• **Task goal**: With the pictures left out, every record must be reproduced exactly.

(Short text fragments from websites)
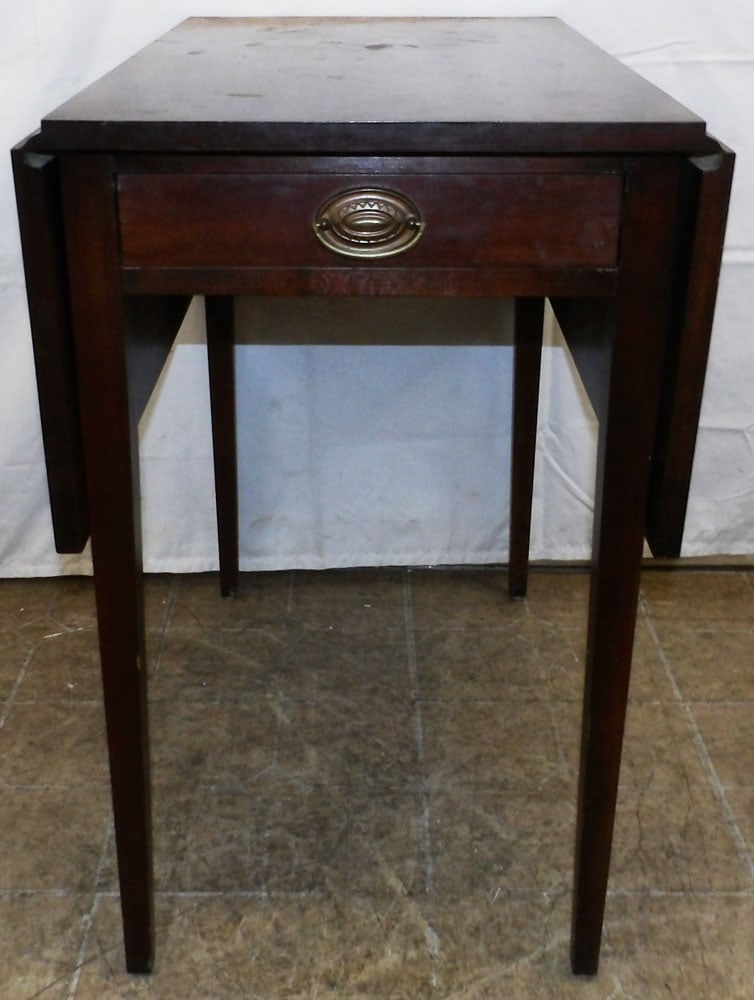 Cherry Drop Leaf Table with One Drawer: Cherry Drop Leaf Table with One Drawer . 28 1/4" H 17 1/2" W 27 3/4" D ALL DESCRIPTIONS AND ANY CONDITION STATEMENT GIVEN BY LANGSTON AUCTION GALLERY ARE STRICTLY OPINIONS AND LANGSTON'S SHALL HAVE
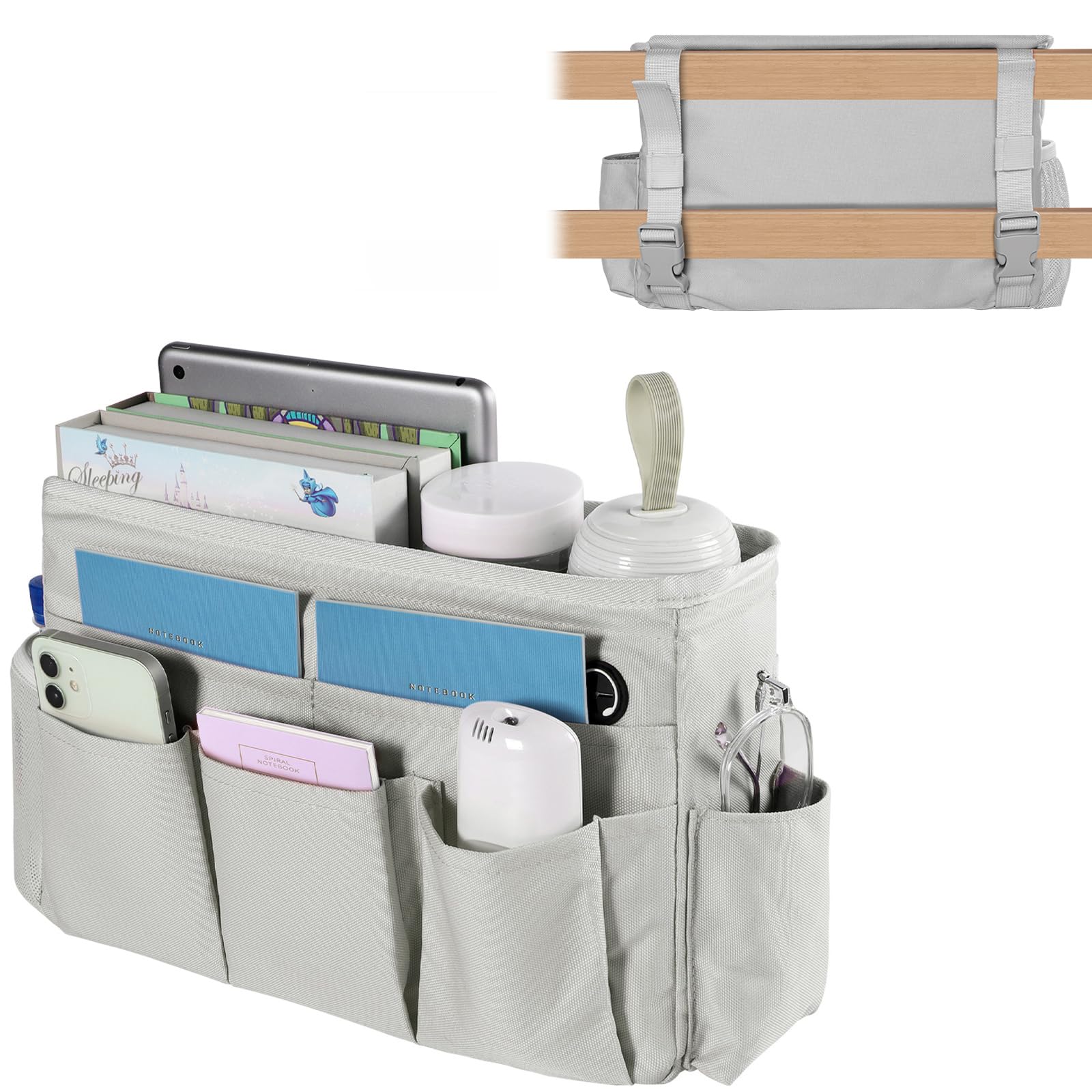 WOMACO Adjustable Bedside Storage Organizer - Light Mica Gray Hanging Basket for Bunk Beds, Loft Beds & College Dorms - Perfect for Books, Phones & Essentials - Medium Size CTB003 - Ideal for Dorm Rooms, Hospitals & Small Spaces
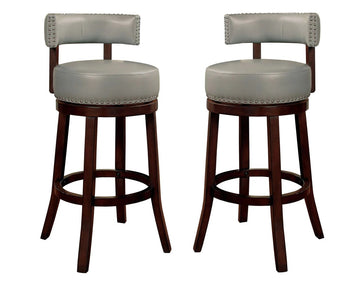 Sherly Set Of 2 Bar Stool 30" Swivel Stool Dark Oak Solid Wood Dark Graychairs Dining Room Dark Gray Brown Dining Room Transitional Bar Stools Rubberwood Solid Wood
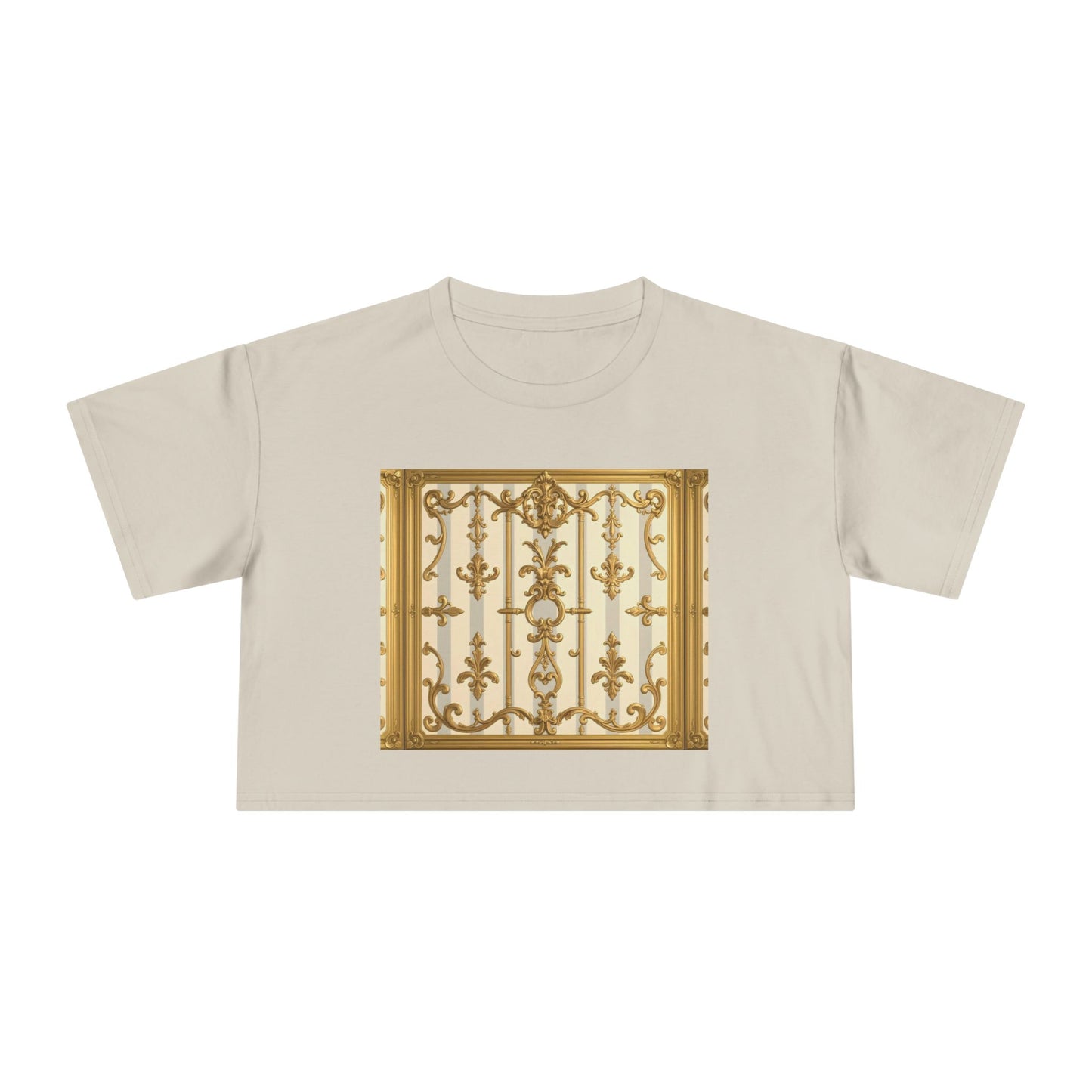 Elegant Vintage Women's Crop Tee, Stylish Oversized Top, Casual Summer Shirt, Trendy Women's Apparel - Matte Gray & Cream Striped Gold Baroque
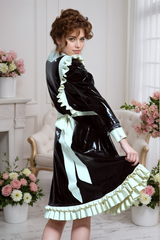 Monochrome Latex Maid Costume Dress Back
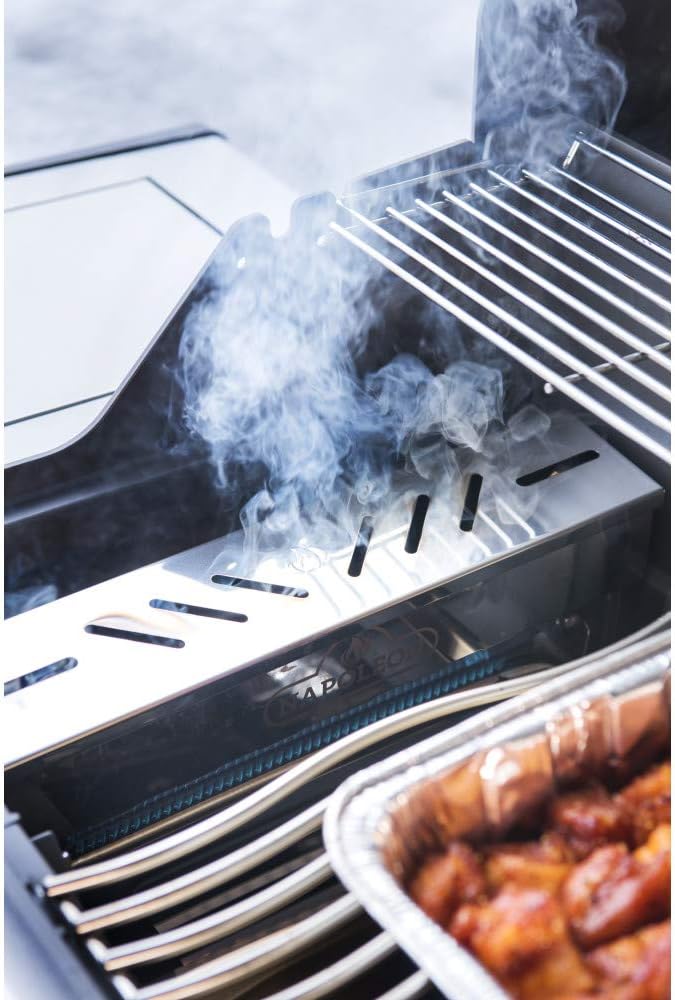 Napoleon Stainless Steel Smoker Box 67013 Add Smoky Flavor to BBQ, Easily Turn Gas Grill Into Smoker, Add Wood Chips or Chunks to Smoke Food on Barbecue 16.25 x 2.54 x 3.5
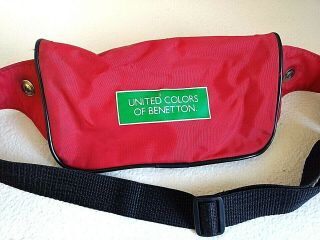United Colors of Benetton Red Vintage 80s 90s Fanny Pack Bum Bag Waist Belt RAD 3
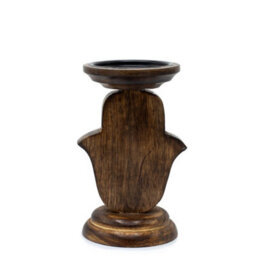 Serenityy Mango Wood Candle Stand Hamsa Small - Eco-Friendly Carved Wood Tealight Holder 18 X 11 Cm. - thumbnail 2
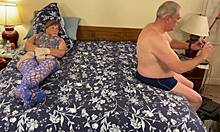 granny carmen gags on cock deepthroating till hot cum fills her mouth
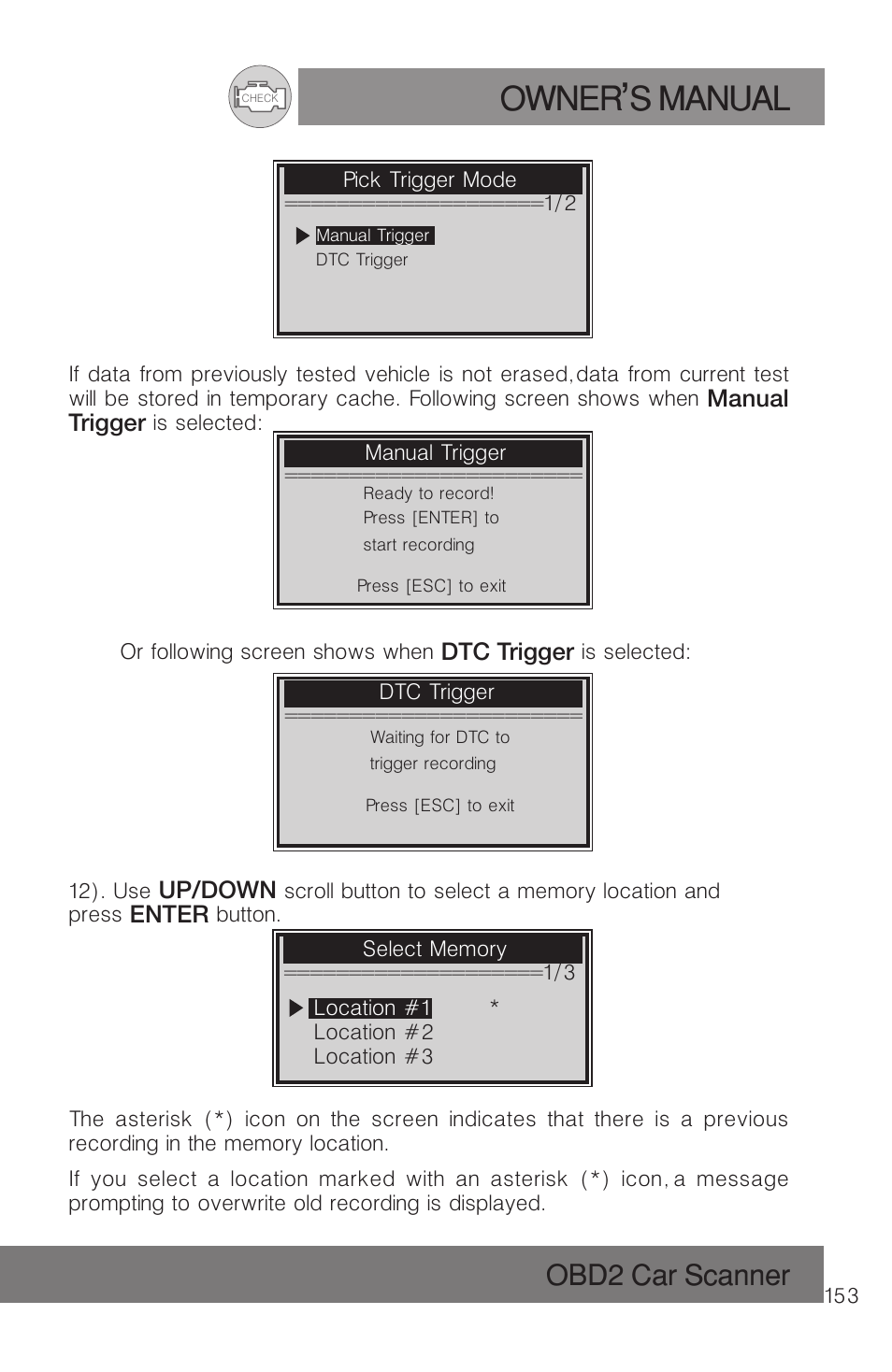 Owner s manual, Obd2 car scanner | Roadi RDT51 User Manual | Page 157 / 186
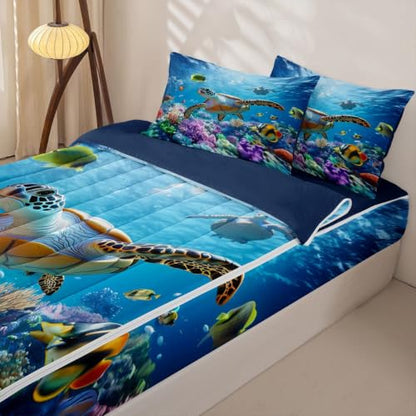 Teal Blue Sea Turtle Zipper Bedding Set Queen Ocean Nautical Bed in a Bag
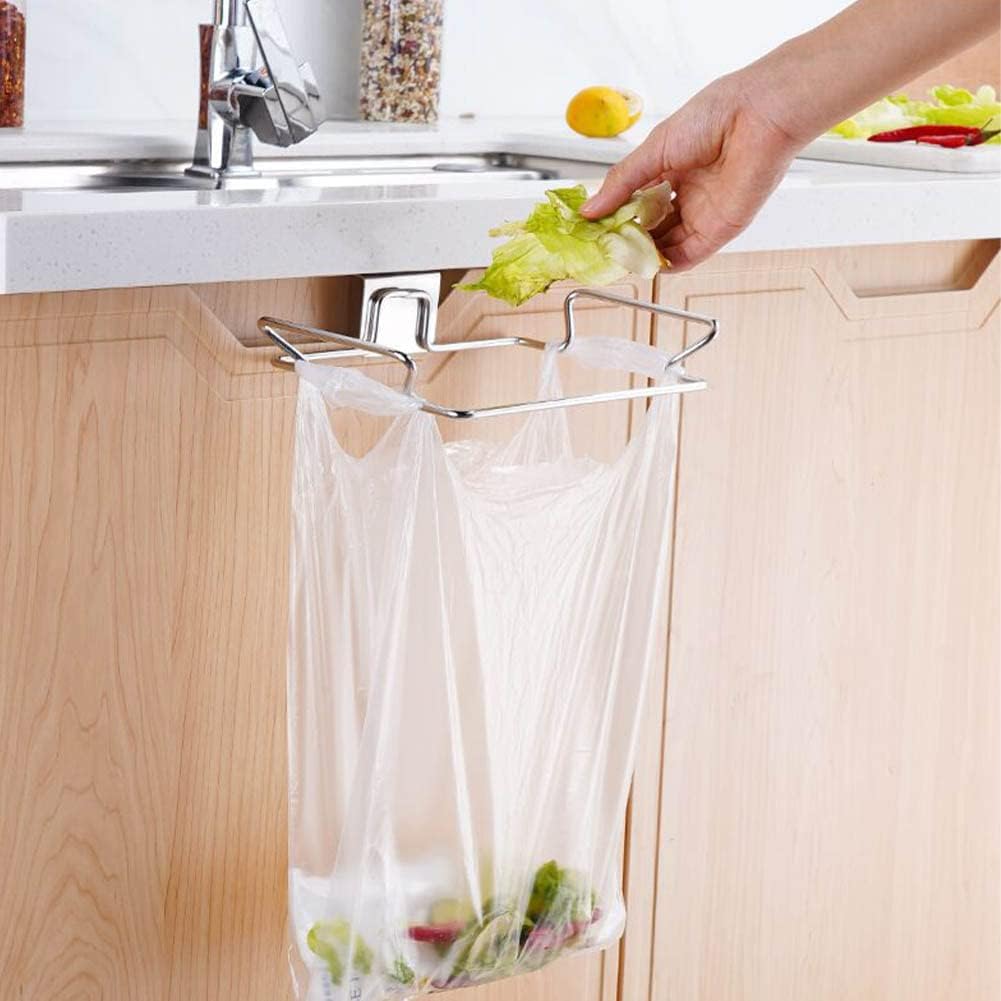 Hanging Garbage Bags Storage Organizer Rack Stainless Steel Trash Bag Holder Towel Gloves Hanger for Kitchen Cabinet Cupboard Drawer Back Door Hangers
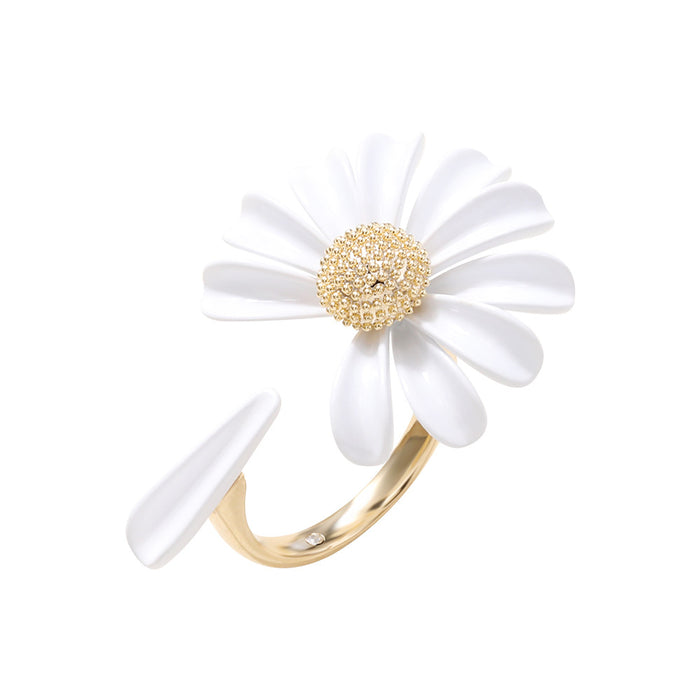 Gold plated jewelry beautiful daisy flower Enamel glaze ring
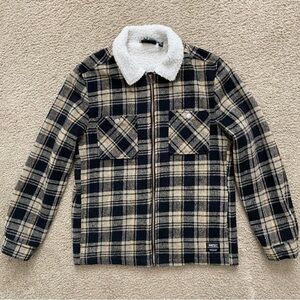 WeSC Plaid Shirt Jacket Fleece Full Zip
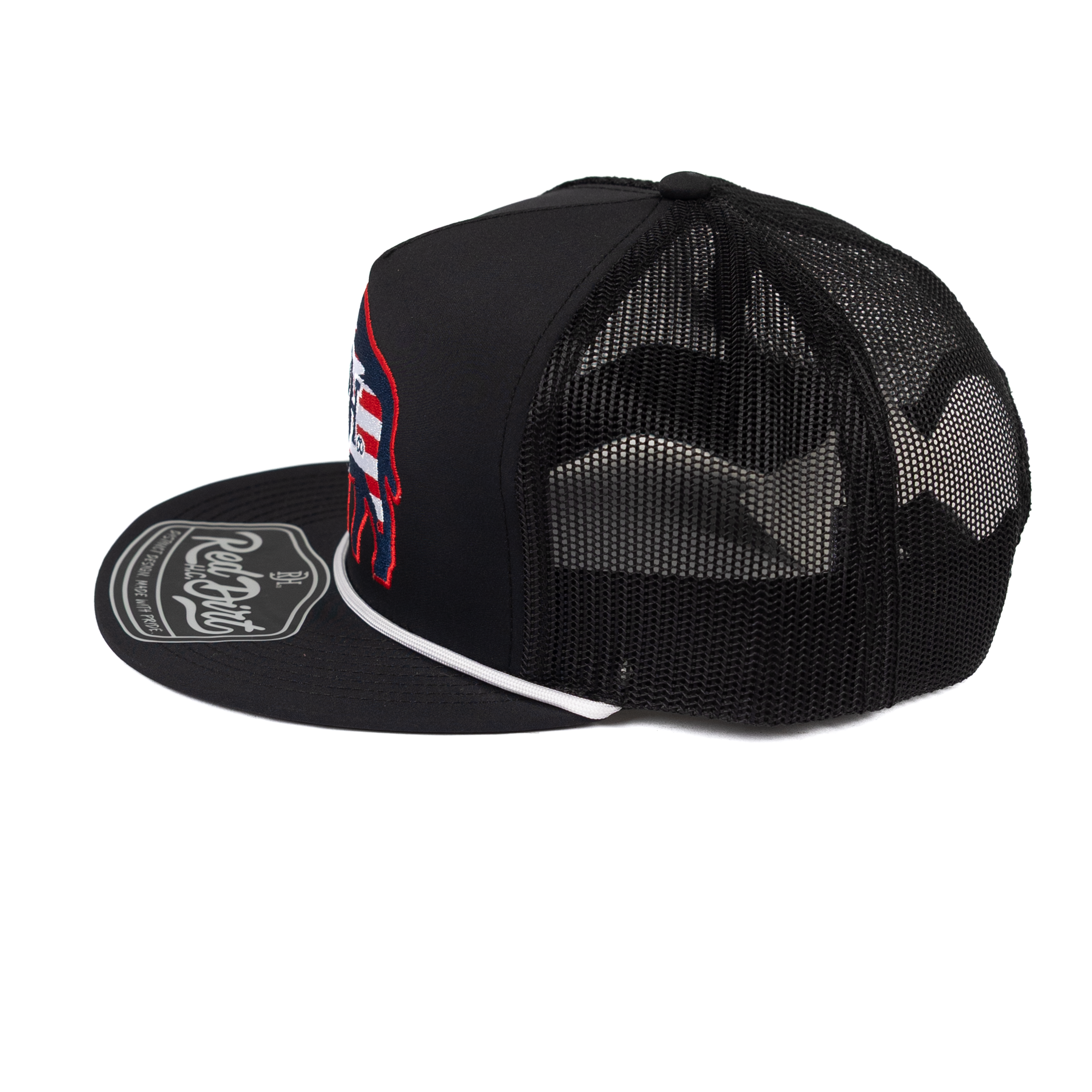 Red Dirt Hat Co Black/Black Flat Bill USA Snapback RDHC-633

• **Answer**:
 Cherry Drop Leaf Table with One Drawer: Cherry Drop Leaf Table with One Drawer . 28 1/4" H 17 1/2" W 27 3/4" D ALL DESCRIPTIONS AND ANY CONDITION STATEMENT GIVEN BY LANGSTON AUCTION GALLERY ARE STRICTLY OPINIONS AND LANGSTON'S SHALL HAVE
 WOMACO Adjustable Bedside Storage Organizer - Light Mica Gray Hanging Basket for Bunk Beds, Loft Beds & College Dorms - Perfect for Books, Phones & Essentials - Medium Size CTB003 - Ideal for Dorm Rooms, Hospitals & Small Spaces
 Sherly Set Of 2 Bar Stool 30" Swivel Stool Dark Oak Solid Wood Dark Graychairs Dining Room Dark Gray Brown Dining Room Transitional Bar Stools Rubberwood Solid Wood
 Elegant Vintage Women's Crop Tee, Stylish Oversized Top, Casual Summer Shirt, Trendy Women's Apparel - Matte Gray & Cream Striped Gold Baroque
 Monochrome Latex Maid Costume Dress Back
 Napoleon Stainless Steel Smoker Box 67013 Add Smoky Flavor to BBQ, Easily Turn Gas Grill Into Smoker, Add Wood Chips or Chunks to Smoke Food on Barbecue 16.25 x 2.54 x 3.5
United Colors of Benetton Red Vintage 80s 90s Fanny Pack Bum Bag Waist Belt RAD 3
 Serenityy Mango Wood Candle Stand Hamsa Small - Eco-Friendly Carved Wood Tealight Holder 18 X 11 Cm. - thumbnail 2
 granny carmen gags on cock deepthroating till hot cum fills her mouth
 Owner s manual, Obd2 car scanner | Roadi RDT51 User Manual | Page 157 / 186
 Teal Blue Sea Turtle Zipper Bedding Set Queen Ocean Nautical Bed in a Bag
 Hanging Garbage Bags Storage Organizer Rack Stainless Steel Trash Bag Holder Towel Gloves Hanger for Kitchen Cabinet Cupboard Drawer Back Door Hangers
 Gold plated jewelry beautiful daisy flower Enamel glaze ring
 WeSC Plaid Shirt Jacket Fleece Full Zip
 Red Dirt Hat Co Black/Black Flat Bill USA Snapback RDHC-633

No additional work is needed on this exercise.